** EXERCISE REQUIREMENTS **
Omit the pictures from the entries below and retype everything else exactly.

** DATA **
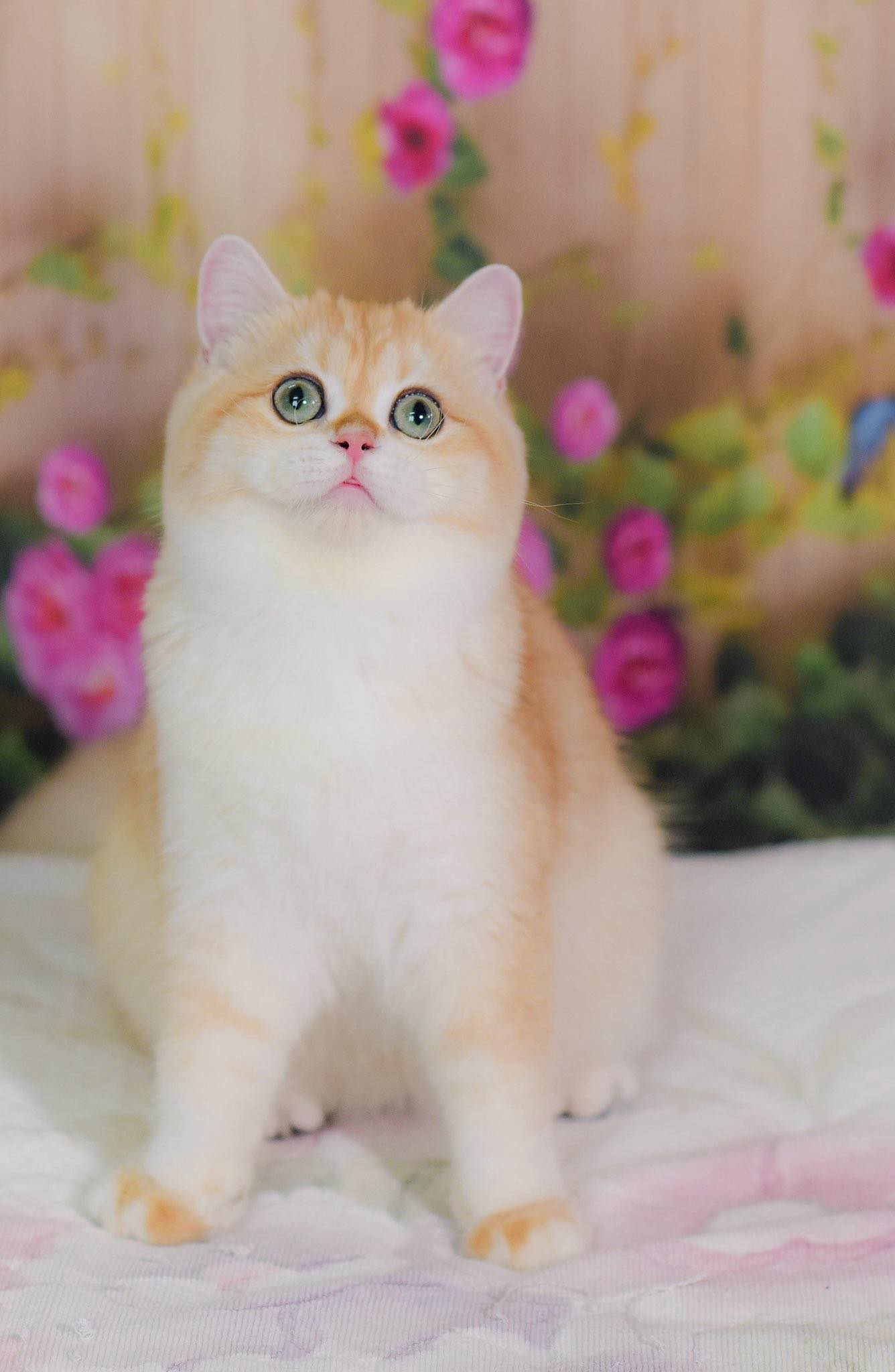 P-Tieu Long Nu of Thanh Truong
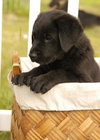 Savannah's pups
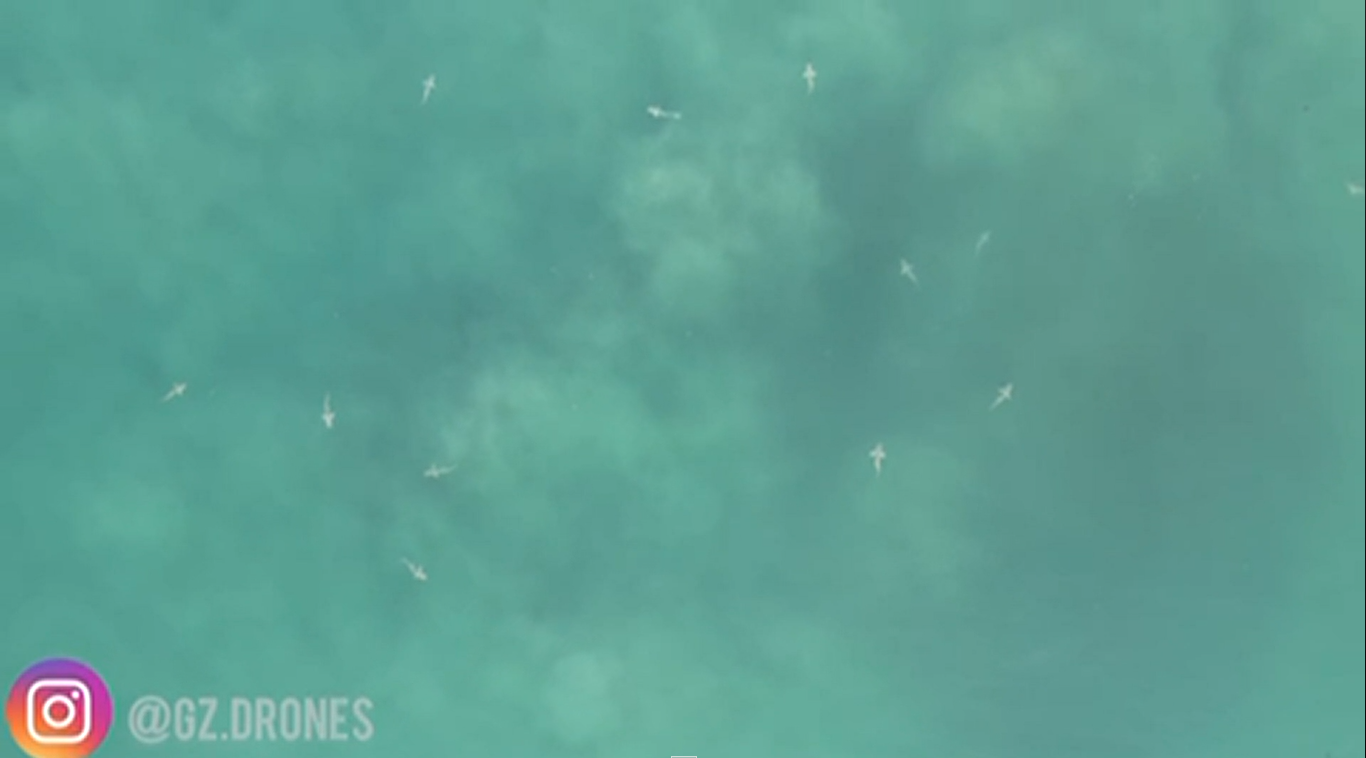 Veja como drones detectam chegada de tubarões na beira das praias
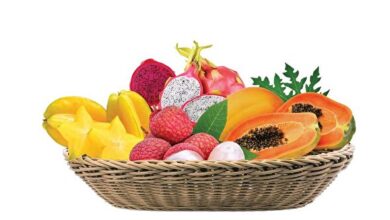 میوه‌های لوکس قاچاق، دور از چشم ناظران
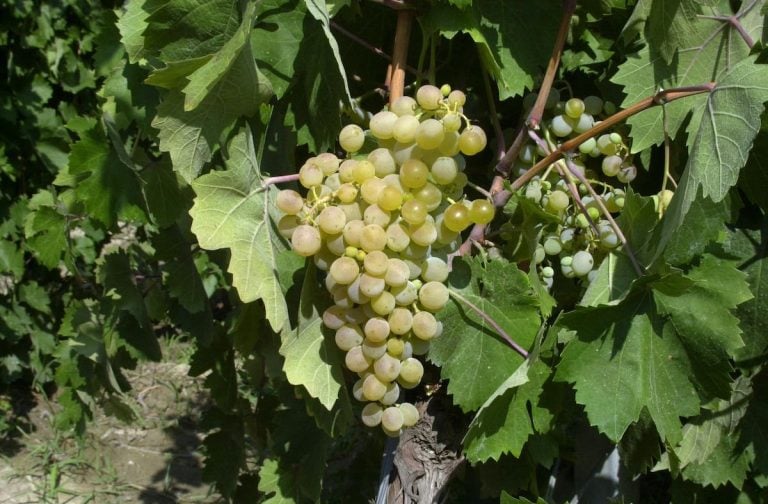 |Chianti Classico - vendemmia 2022 - luglio|Negroamaro - Salice Salentino 2022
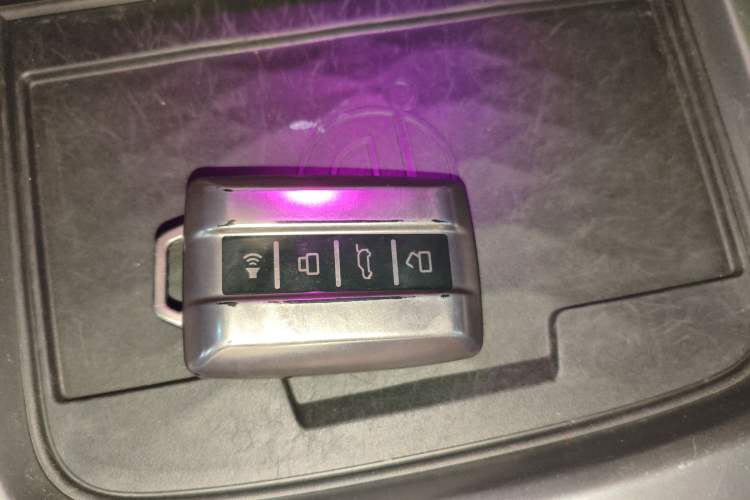 Used Tank 300 2021 City Edition 2.0T My Vision Model
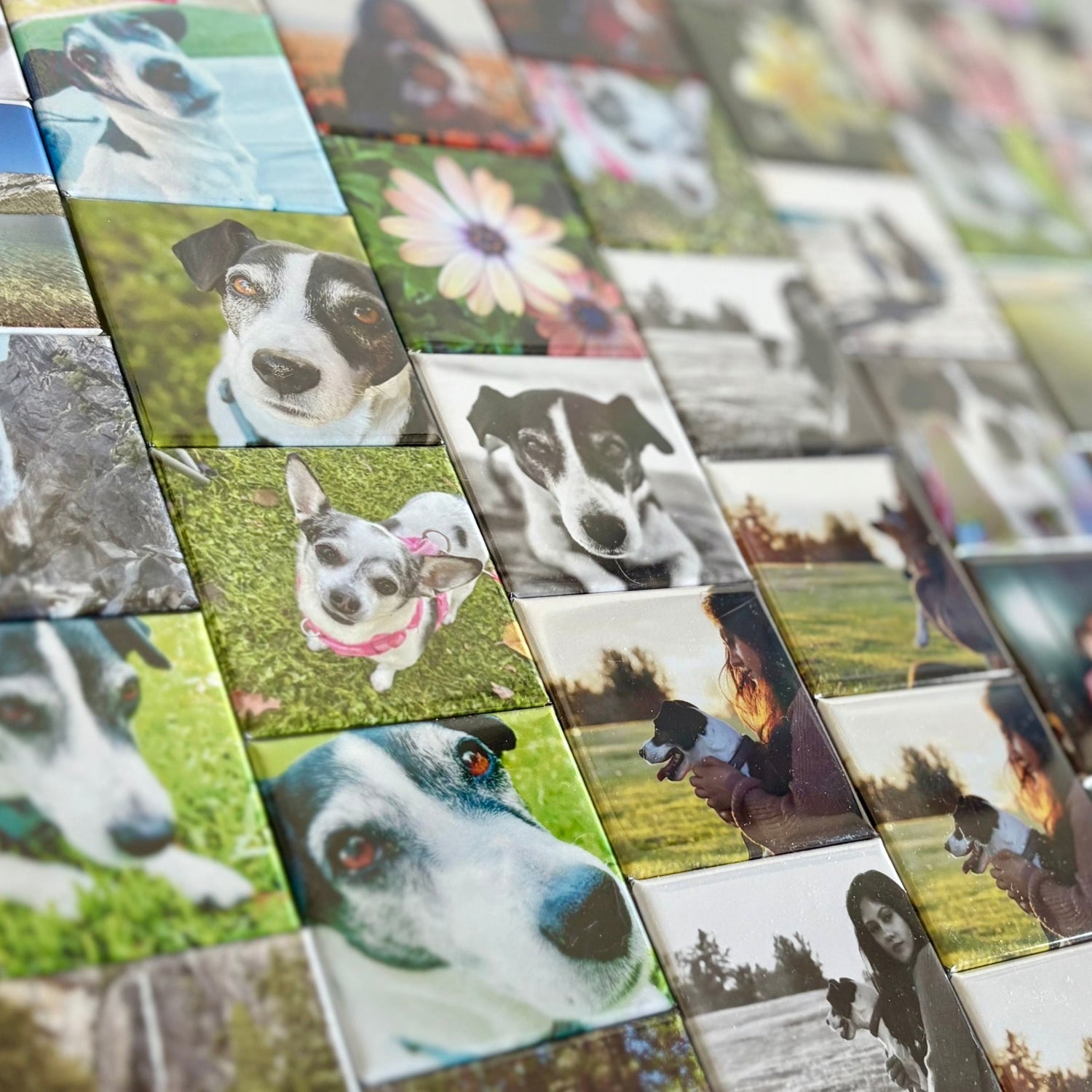 Custom Photo Magnets
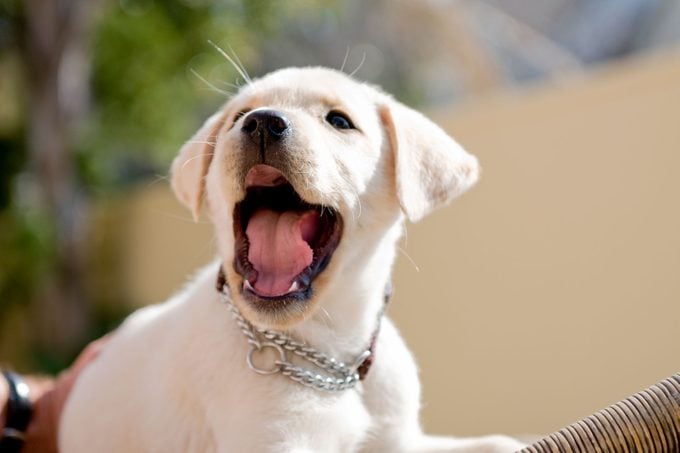 Labrador puppy yawning 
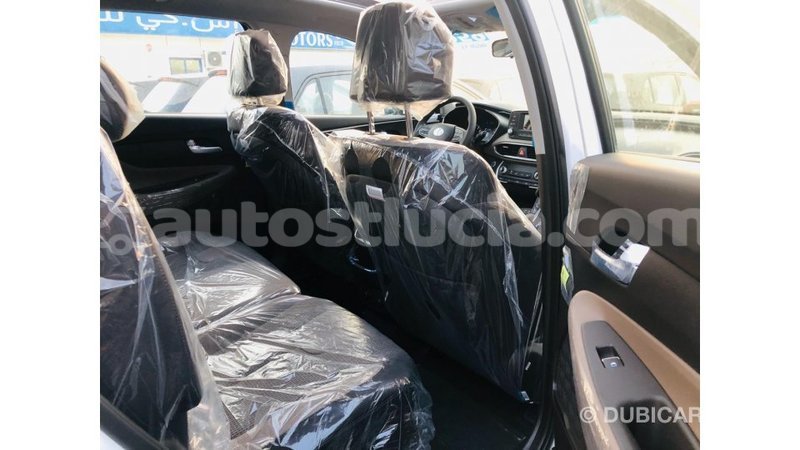 Big with watermark hyundai santa fe anse la raye import dubai 3461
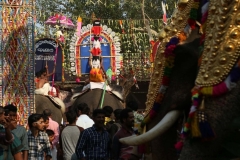 festival-elephnat-102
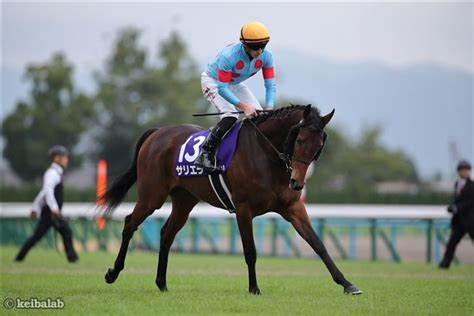 【ダイヤモンドs】サリエラ＆ハーツイストワールを2頭出し！指揮官の勝算は 競馬ニュース 競馬ラボ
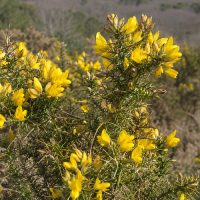 ULEX-0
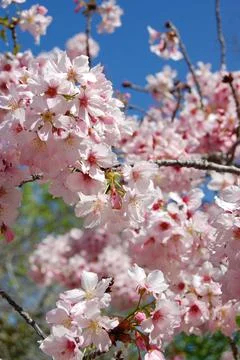 Cherry Blossom 2 Foto stock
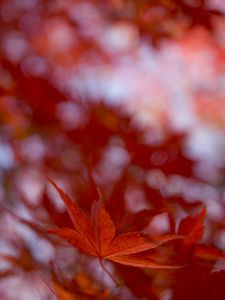 Preview wallpaper maple leaf, autumn, blur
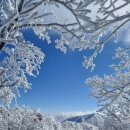156차 정기산행(1월18일) 평창 발왕산 눈꽃산행 이미지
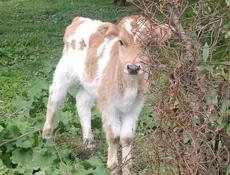 Продаю бычка телёнок Все вопросы по телефону цена 15.000 только сегодня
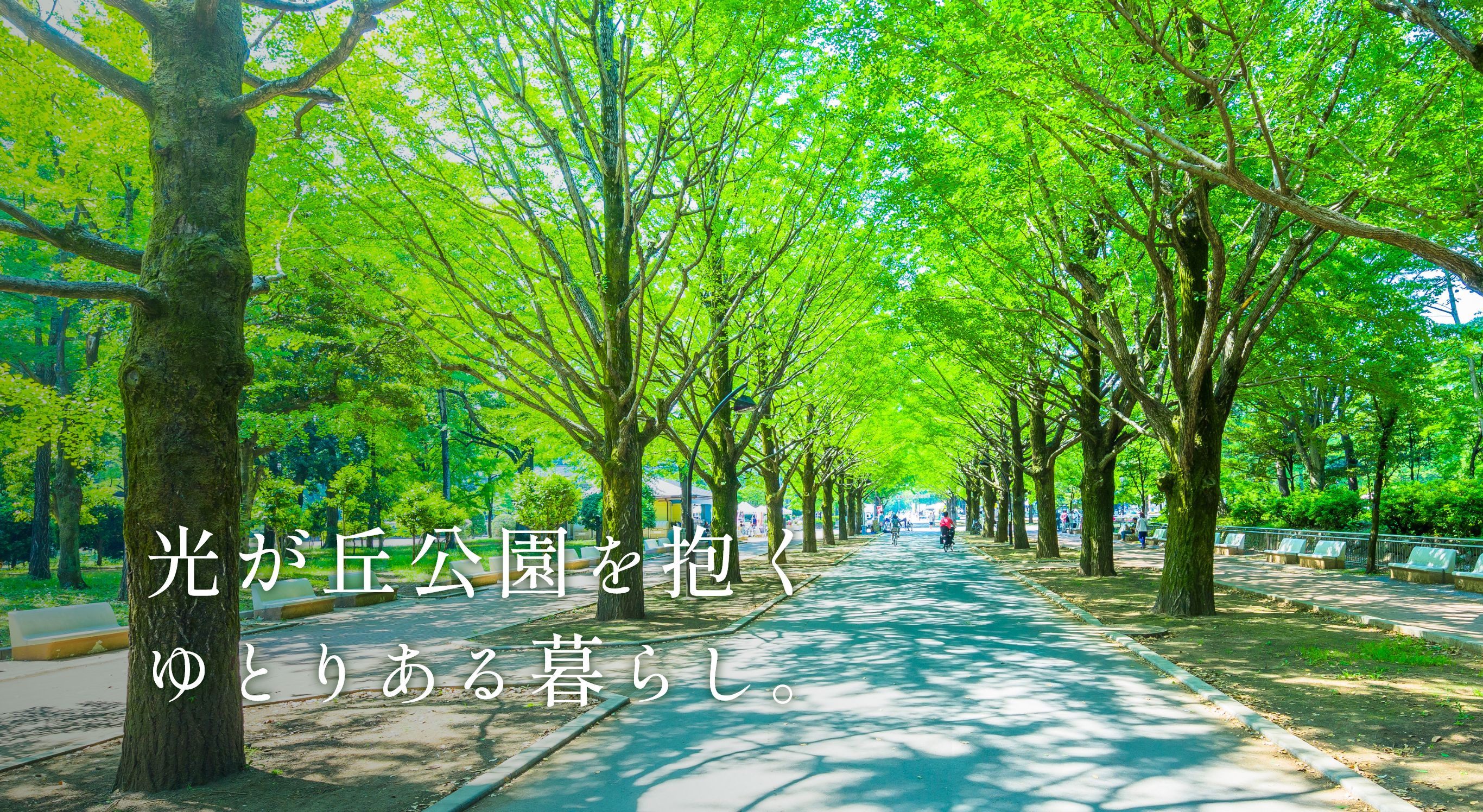 森の住人 2024年アニバーサリーエディションzx4rr販売 : r/zx4r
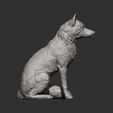 Fox-sitting10.jpg Fox 3D print model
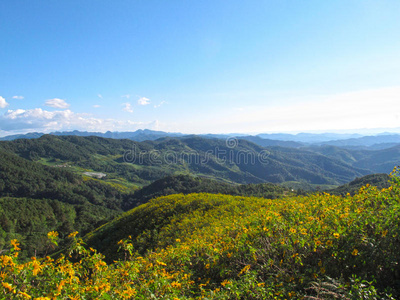 植物 领域 花的 自然 太阳 日出 草地 风景 露营 天空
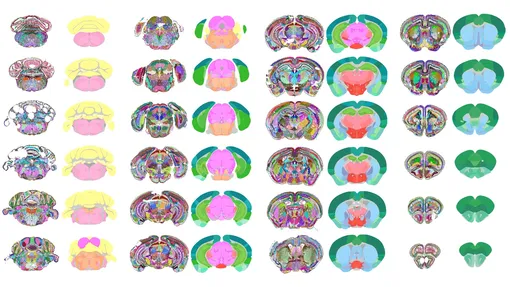 Примеры из 1 300 областей/субрегионов мозга мыши, созданных CellTransformer. Примеры из 1 300 областей/субрегионов мозга мыши, созданных CellTransformer.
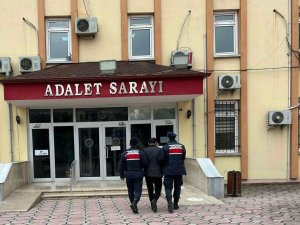 17 Yıl Hapis Cezasıyla Aranan Şahıs Jandarma Operasyonuyla Yakalandı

** TASK RESULT **
 P-Tieu Long Nu of Thanh Truong
 Savannah's pups
 Veja como drones detectam chegada de tubarões na beira das praias
 میوه‌های لوکس قاچاق، دور از چشم ناظران
 |Chianti Classico - vendemmia 2022 - luglio|Negroamaro - Salice Salentino 2022
 Used Tank 300 2021 City Edition 2.0T My Vision Model
 Custom Photo Magnets
 Labrador puppy yawning 
 Big with watermark hyundai santa fe anse la raye import dubai 3461
 festival-elephnat-102
 【ダイヤモンドs】サリエラ＆ハーツイストワールを2頭出し！指揮官の勝算は 競馬ニュース 競馬ラボ
 ULEX-0
 Cherry Blossom 2 Foto stock
 Preview wallpaper maple leaf, autumn, blur
156차 정기산행(1월18일) 평창 발왕산 눈꽃산행 이미지
 Продаю бычка телёнок Все вопросы по телефону цена 15.000 только сегодня
 森の住人 2024年アニバーサリーエディションzx4rr販売 : r/zx4r
 Fox-sitting10.jpg Fox 3D print model
 植物 领域 花的 自然 太阳 日出 草地 风景 露营 天空
 Примеры из 1 300 областей/субрегионов мозга мыши, созданных CellTransformer. Примеры из 1 300 областей/субрегионов мозга мыши, созданных CellTransformer.
 17 Yıl Hapis Cezasıyla Aranan Şahıs Jandarma Operasyonuyla Yakalandı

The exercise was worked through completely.